Across the entries below, determine how many lines include the word "Formula". State only the resulting number.
______________________________
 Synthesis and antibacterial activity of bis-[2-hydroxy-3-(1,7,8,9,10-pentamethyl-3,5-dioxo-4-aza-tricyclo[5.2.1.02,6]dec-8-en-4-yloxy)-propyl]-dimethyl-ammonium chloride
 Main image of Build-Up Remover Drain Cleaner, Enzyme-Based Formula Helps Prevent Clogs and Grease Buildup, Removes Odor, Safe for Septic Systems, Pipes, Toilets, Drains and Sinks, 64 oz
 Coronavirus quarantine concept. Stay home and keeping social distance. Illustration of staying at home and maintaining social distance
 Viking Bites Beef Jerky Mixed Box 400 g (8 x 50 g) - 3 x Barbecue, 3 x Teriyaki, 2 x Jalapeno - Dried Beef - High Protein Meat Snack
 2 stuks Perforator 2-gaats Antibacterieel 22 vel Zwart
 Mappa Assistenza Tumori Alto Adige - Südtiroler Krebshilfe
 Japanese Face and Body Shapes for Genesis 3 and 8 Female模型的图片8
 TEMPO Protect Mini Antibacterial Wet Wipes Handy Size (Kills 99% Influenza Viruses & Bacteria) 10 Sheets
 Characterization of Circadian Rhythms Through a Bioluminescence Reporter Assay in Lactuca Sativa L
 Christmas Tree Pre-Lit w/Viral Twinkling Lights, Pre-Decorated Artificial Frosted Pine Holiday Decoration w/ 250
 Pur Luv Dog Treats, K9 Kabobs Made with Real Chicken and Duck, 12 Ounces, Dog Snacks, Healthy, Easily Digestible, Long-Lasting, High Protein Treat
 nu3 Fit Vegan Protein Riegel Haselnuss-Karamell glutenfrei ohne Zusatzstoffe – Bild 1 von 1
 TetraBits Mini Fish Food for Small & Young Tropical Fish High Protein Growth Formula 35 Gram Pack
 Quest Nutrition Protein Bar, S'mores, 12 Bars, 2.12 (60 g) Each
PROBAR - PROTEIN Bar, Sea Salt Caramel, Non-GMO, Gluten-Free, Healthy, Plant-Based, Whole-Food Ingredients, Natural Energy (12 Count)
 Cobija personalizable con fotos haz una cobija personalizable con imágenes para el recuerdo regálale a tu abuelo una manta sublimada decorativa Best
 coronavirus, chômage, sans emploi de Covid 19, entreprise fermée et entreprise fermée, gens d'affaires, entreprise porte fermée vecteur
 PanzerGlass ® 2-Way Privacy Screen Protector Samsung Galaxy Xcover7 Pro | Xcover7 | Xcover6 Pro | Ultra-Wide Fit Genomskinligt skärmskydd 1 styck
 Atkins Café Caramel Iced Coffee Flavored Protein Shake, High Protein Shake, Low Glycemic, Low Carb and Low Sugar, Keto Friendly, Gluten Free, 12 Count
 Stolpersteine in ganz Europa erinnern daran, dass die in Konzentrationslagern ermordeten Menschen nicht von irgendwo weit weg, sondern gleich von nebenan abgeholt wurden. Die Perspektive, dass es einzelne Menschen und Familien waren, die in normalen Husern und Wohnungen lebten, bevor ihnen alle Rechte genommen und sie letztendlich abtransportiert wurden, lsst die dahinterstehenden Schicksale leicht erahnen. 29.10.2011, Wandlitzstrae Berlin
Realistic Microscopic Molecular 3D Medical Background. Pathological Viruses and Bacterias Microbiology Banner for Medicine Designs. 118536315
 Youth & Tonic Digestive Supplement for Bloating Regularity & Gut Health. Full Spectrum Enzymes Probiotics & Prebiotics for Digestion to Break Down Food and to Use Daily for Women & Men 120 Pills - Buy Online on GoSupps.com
______________________________
# Output
2